In this incisive article in the foreign policy journal National Interest, David L. Phillips, Director of the Program on Peace-building and Rights at the Institute for the Study of Human Rights at Columbia University, and former ambassador Mark Wallace explain why the imminent official recognition of the Armenian Genocide by the US government is so important for US/Turkey relations and Turkey’s relations with the rest of the world as well. They also elucidate the key reasons why this recognition should herald a new emphasis on human rights in the US relationship with Turkey, which if implemented could relieve some of the pressure on the Ecumenical Patriarchate.
How Human Rights Should Drive Biden’s Relationship with Turkey
Placing pressure on Ankara is the right thing to do, both morally and strategically.

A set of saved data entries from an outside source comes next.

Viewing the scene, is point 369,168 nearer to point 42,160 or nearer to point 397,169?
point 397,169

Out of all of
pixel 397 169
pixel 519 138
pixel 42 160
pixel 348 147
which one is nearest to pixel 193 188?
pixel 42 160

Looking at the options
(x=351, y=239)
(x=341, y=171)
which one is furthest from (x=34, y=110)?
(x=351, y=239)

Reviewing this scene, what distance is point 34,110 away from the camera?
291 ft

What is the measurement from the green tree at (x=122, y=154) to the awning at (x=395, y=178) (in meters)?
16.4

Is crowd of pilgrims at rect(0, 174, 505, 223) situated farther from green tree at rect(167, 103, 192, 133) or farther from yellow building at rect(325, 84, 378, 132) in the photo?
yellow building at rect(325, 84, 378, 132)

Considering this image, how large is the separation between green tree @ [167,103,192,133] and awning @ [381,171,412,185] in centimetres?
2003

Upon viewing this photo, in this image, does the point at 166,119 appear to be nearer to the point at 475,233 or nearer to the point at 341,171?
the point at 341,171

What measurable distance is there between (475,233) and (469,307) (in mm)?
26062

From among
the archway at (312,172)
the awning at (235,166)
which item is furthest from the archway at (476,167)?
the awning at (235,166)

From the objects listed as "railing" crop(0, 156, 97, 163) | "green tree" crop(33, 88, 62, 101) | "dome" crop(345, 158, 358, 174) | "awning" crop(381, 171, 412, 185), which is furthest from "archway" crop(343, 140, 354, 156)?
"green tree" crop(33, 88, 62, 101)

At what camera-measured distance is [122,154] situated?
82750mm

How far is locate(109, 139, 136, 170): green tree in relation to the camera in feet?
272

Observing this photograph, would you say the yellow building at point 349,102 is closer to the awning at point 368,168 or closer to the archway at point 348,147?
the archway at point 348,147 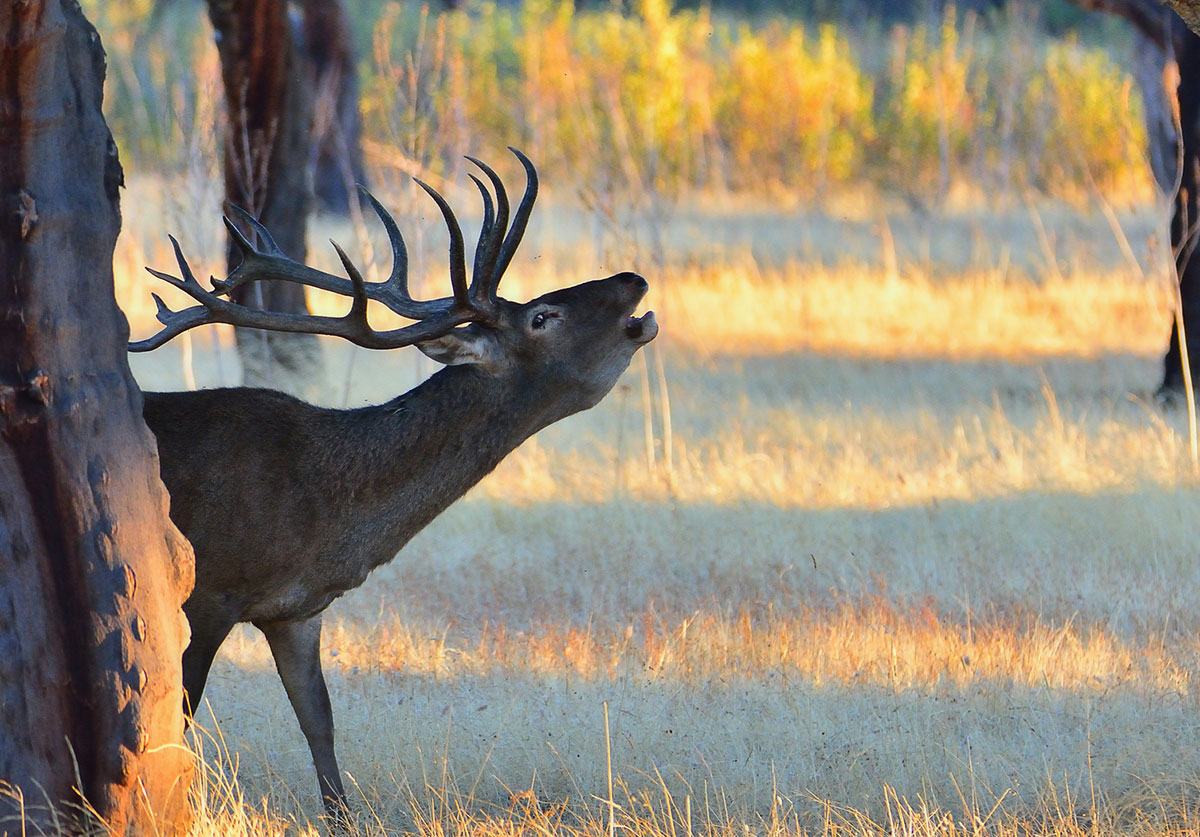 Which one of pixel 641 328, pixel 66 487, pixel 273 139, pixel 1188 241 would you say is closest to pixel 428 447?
pixel 641 328

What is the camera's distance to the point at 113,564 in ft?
12.2

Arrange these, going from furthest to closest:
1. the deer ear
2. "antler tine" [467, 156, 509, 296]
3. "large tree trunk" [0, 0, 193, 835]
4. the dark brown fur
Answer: the deer ear, "antler tine" [467, 156, 509, 296], the dark brown fur, "large tree trunk" [0, 0, 193, 835]

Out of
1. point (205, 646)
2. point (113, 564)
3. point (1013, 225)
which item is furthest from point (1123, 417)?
point (1013, 225)

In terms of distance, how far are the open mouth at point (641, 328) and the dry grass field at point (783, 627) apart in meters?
1.35

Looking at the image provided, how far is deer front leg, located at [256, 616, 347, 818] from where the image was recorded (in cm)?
503

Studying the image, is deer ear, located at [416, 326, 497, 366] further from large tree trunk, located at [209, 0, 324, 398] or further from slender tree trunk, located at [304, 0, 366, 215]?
slender tree trunk, located at [304, 0, 366, 215]

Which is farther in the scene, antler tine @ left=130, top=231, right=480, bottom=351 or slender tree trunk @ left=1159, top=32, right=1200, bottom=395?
slender tree trunk @ left=1159, top=32, right=1200, bottom=395

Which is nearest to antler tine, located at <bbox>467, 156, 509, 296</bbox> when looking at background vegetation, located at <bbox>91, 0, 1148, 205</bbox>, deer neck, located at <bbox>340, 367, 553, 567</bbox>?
deer neck, located at <bbox>340, 367, 553, 567</bbox>

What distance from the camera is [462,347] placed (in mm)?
5152

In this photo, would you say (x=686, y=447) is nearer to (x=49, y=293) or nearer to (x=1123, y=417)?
(x=1123, y=417)

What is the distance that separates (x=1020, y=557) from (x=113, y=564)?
5.06 metres

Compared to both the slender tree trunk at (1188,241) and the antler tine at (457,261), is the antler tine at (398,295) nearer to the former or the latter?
the antler tine at (457,261)

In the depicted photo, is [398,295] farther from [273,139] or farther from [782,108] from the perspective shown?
[782,108]

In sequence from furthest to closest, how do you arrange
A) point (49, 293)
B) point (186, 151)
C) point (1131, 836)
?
point (186, 151)
point (1131, 836)
point (49, 293) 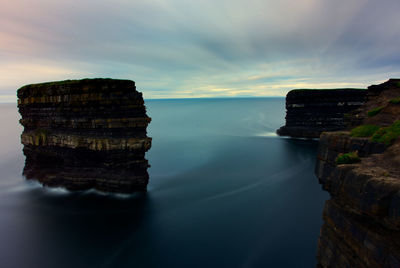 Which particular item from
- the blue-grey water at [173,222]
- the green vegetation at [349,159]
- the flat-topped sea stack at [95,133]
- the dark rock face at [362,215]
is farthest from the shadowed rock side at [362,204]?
the flat-topped sea stack at [95,133]

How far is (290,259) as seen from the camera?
13.7 metres

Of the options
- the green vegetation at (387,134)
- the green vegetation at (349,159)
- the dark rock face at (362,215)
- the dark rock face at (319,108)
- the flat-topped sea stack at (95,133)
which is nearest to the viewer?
the dark rock face at (362,215)

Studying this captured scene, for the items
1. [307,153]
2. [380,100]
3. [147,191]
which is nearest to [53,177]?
[147,191]

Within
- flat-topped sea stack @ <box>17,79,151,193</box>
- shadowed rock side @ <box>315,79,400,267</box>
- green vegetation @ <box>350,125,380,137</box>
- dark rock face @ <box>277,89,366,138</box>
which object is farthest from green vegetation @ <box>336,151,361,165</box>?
dark rock face @ <box>277,89,366,138</box>

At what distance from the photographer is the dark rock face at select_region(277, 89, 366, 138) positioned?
52781 millimetres

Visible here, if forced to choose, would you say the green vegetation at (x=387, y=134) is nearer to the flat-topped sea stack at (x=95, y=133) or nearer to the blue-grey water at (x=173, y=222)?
the blue-grey water at (x=173, y=222)

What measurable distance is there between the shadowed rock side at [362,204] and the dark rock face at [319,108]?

by David L. Phillips Mark Wallace
The decline in relations between the United States and Turkey during the reign of President Recep Tayyip Erdogan is unparalleled in our ninety-four-year history with the modern Turkish state—and it is about to get worse. President Joe Biden is expected to become the first president to recognize the Armenian genocide this month. It is important, necessary, and more than a century overdue. It will still be tough medicine for Erdogan to swallow though and a harsh response is likely. Recognizing the genocide will spark reformist-minded Turks to reckon with the past and would help jump-start the country’s return to more democratic, accountable, and Western-facing policies.
Facing history will help Turkey take responsibility for what the overwhelming majority of historians say is a genocide: the deportation and murder of a million-and-a-half Armenians. Biden, too, recognizes it as such. He repeatedly called for the United States to recognize the Armenian genocide during his career in the Senate and reaffirmed his position as a candidate for the presidency, warning that “if we do not fully acknowledge, commemorate and teach our children about genocide, the words ‘never again’ lose their meaning.”